WORK TO COMPLETE: From the line containing "und eine Besucherin" down to the line containing "野与线权中 野与线权中", copy out the entries below exactly, both lines included, and nothing else; pictures do not belong in the copy.

INFORMATION PROVIDED:

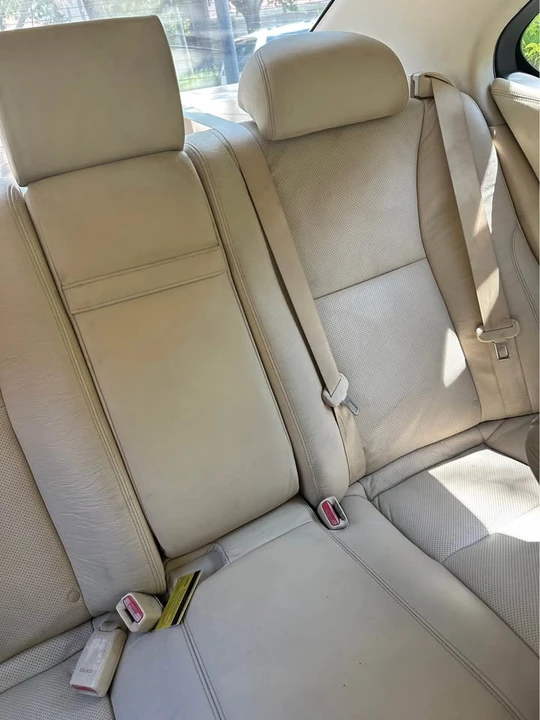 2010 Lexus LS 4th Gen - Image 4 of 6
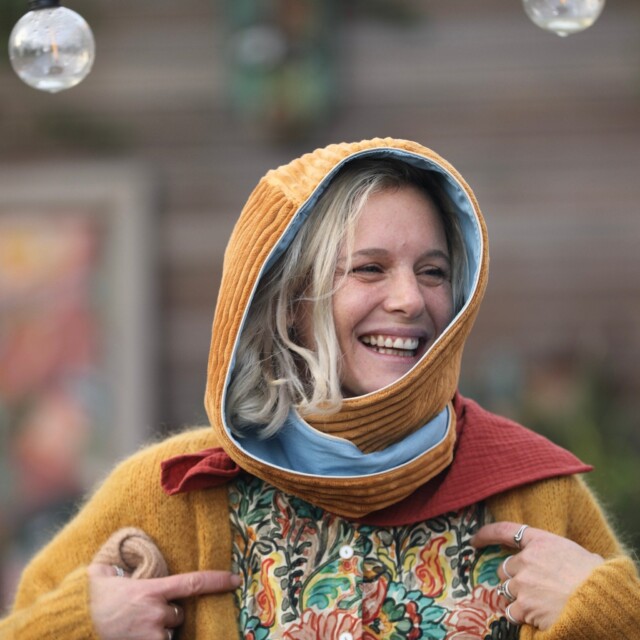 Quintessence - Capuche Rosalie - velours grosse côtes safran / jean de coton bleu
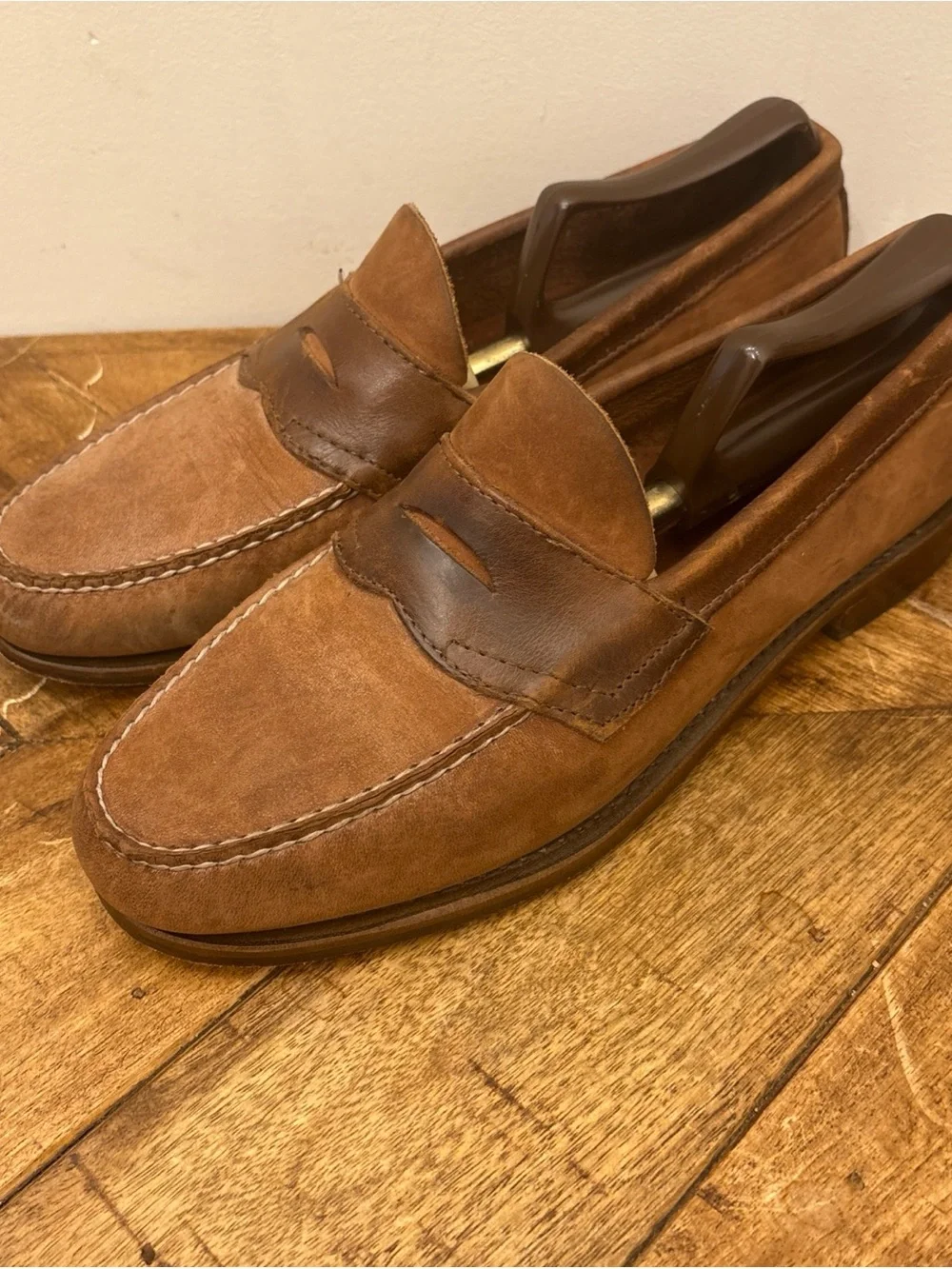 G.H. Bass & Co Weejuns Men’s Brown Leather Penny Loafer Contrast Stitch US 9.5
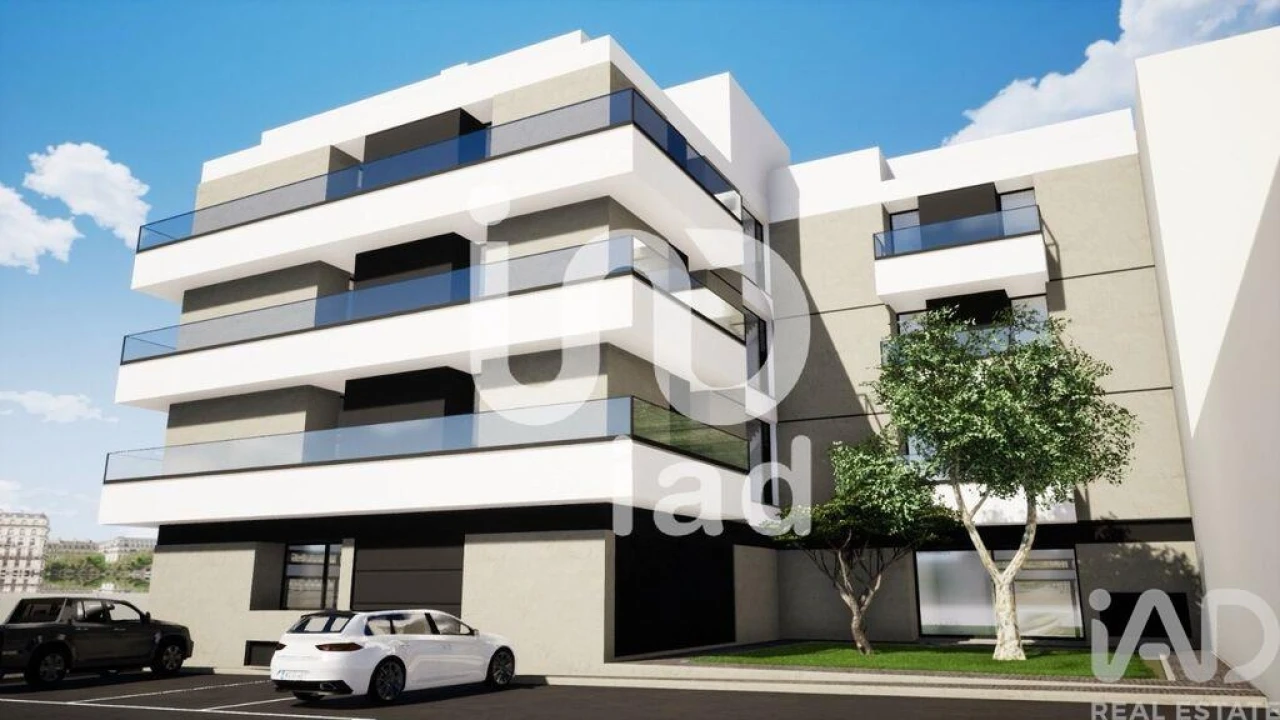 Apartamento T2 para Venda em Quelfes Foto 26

* * *

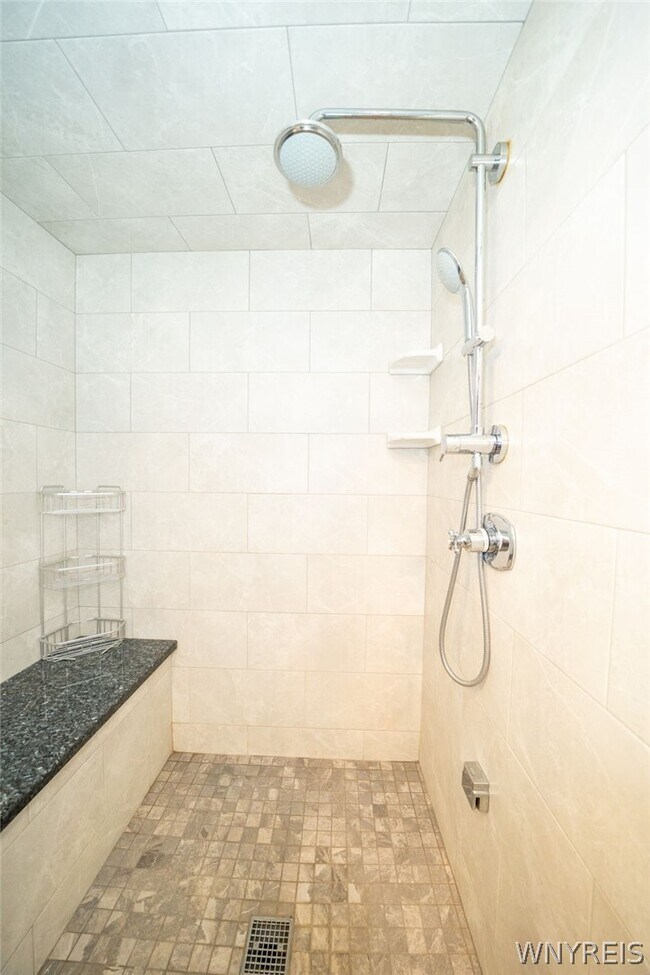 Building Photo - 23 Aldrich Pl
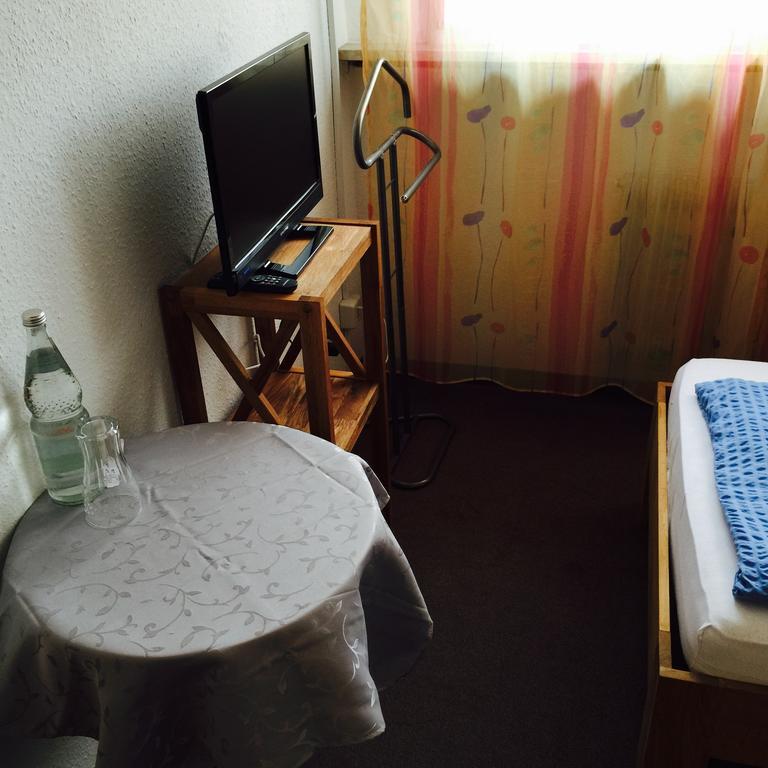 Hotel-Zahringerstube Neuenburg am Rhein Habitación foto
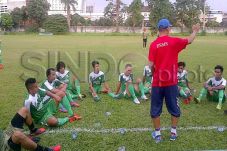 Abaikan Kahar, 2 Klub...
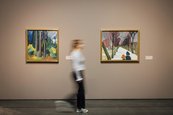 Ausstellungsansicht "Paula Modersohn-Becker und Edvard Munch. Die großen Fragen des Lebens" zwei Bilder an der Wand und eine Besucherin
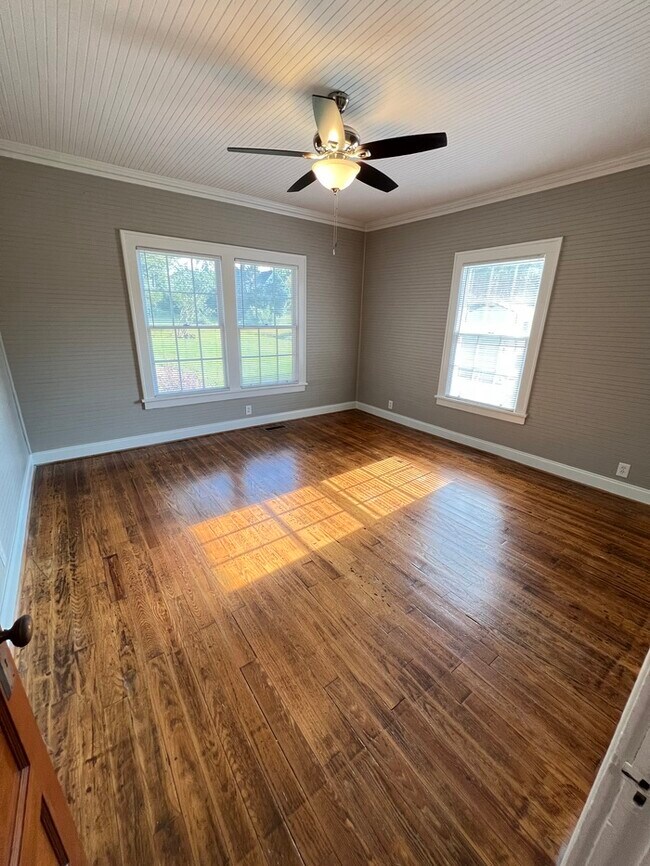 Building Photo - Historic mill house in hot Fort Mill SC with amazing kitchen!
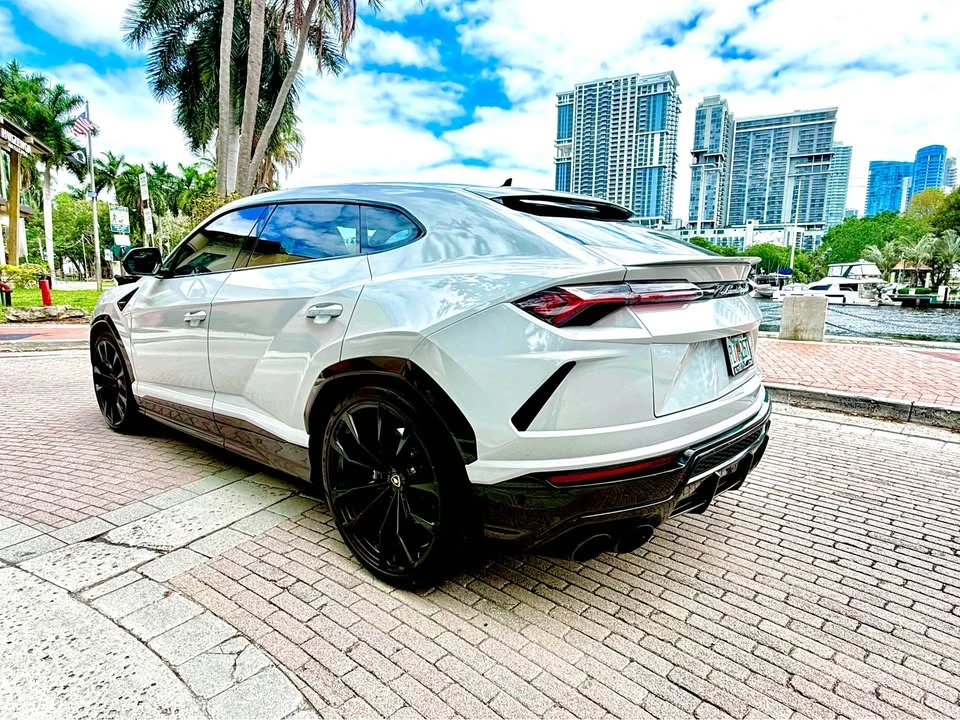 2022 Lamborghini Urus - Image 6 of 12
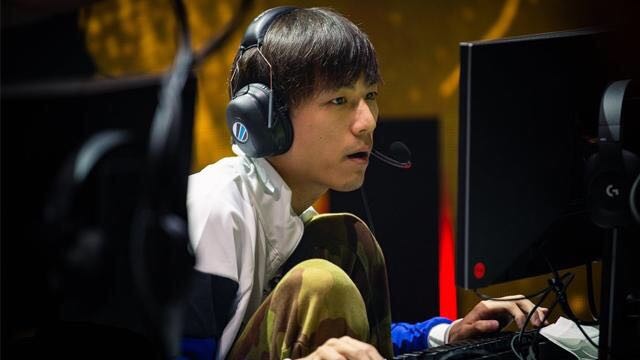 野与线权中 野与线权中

---

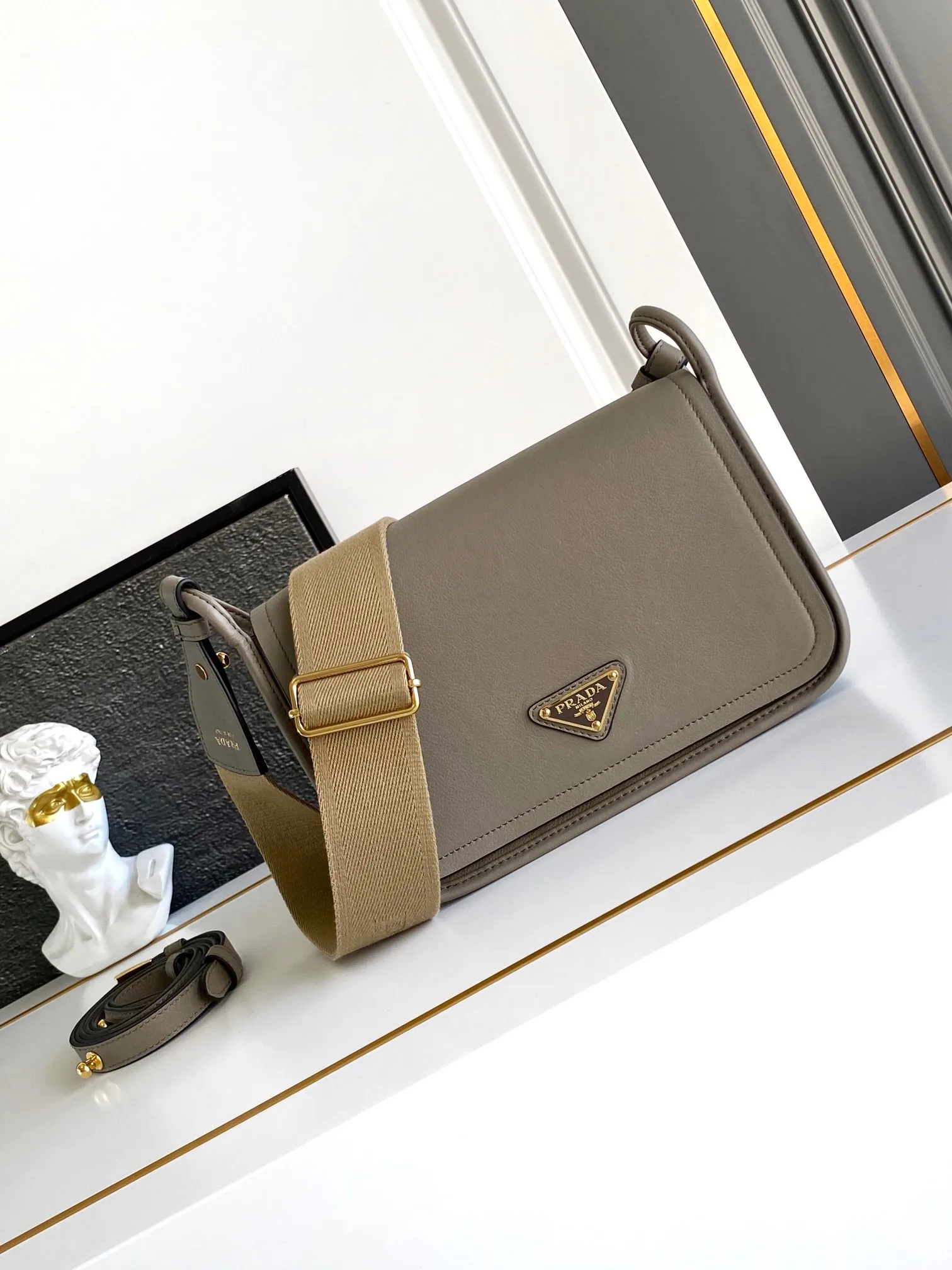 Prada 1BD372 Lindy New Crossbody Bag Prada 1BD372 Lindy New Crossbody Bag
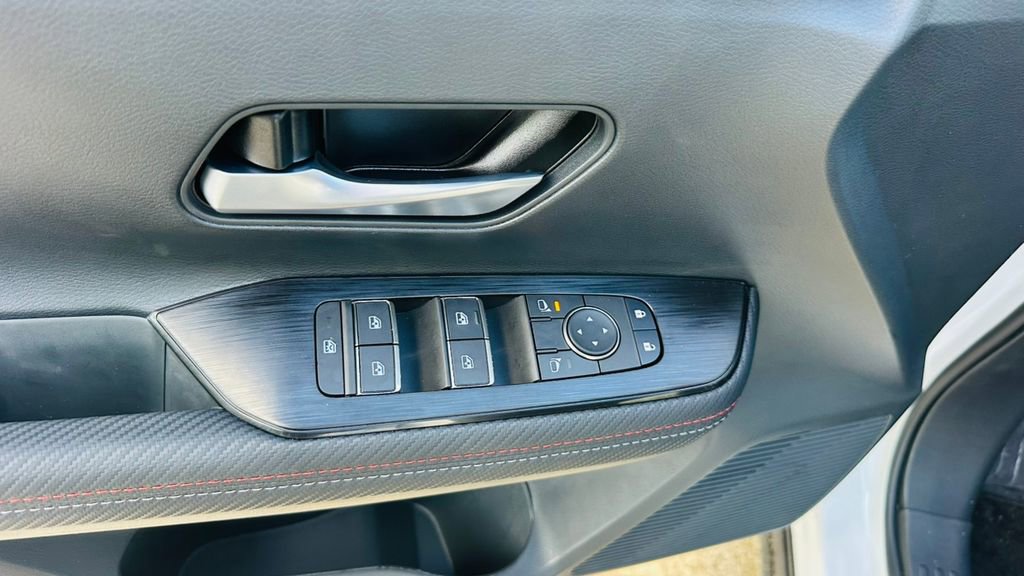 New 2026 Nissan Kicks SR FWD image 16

PROBLEM SOLUTION:
 Ausstellungsansicht "Paula Modersohn-Becker und Edvard Munch. Die großen Fragen des Lebens" zwei Bilder an der Wand und eine Besucherin
 Building Photo - Historic mill house in hot Fort Mill SC with amazing kitchen!
 2022 Lamborghini Urus - Image 6 of 12
 野与线权中 野与线权中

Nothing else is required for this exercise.